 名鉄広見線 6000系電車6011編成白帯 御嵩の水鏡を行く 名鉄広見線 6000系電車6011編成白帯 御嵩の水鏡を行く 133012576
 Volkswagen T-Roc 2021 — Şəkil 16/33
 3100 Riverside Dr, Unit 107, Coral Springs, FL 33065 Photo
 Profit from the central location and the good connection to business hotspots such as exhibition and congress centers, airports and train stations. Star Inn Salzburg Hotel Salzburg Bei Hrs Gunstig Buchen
--
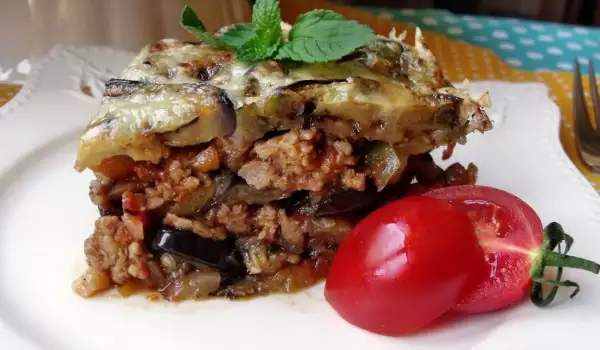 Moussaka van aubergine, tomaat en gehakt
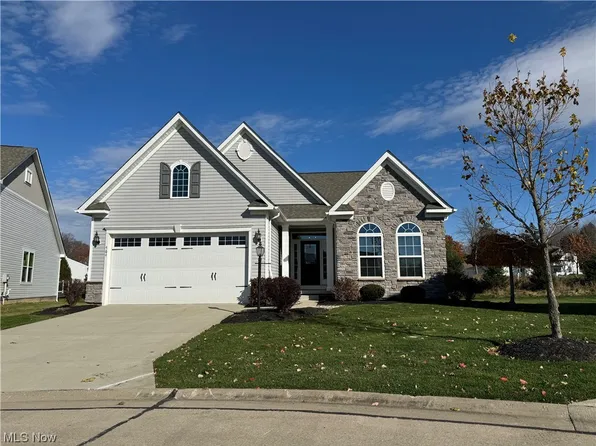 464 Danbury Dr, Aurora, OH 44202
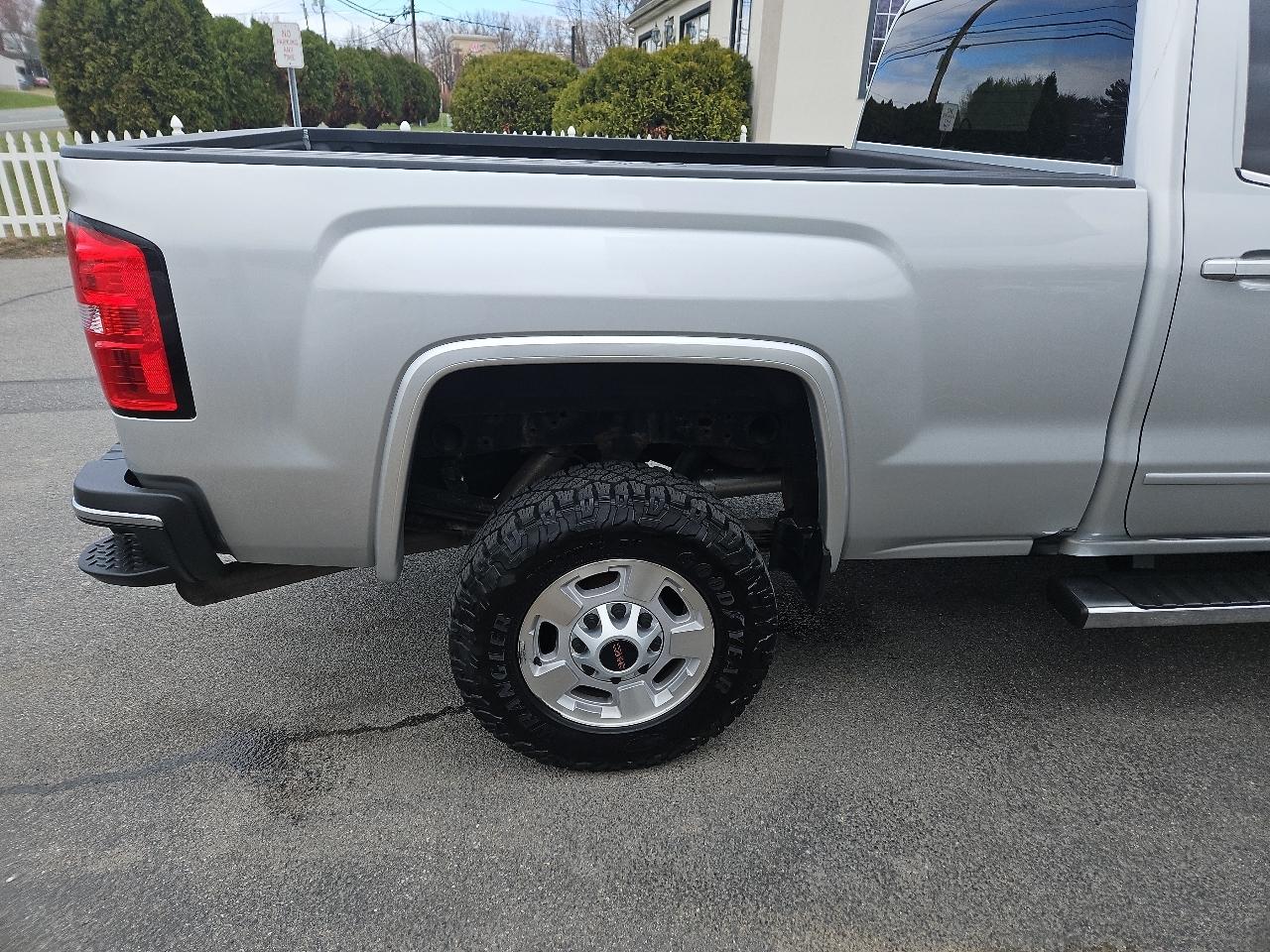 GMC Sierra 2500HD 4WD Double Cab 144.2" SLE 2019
--
# Exercise prompt
Of the records above, print only the lines from the one containing "Moussaka van aubergine, tomaat en gehakt" through the one containing "GMC Sierra 2500HD", inclusive and unaltered, leaving out pictures.

# Result of this exercise
 Moussaka van aubergine, tomaat en gehakt
 464 Danbury Dr, Aurora, OH 44202
 GMC Sierra 2500HD 4WD Double Cab 144.2" SLE 2019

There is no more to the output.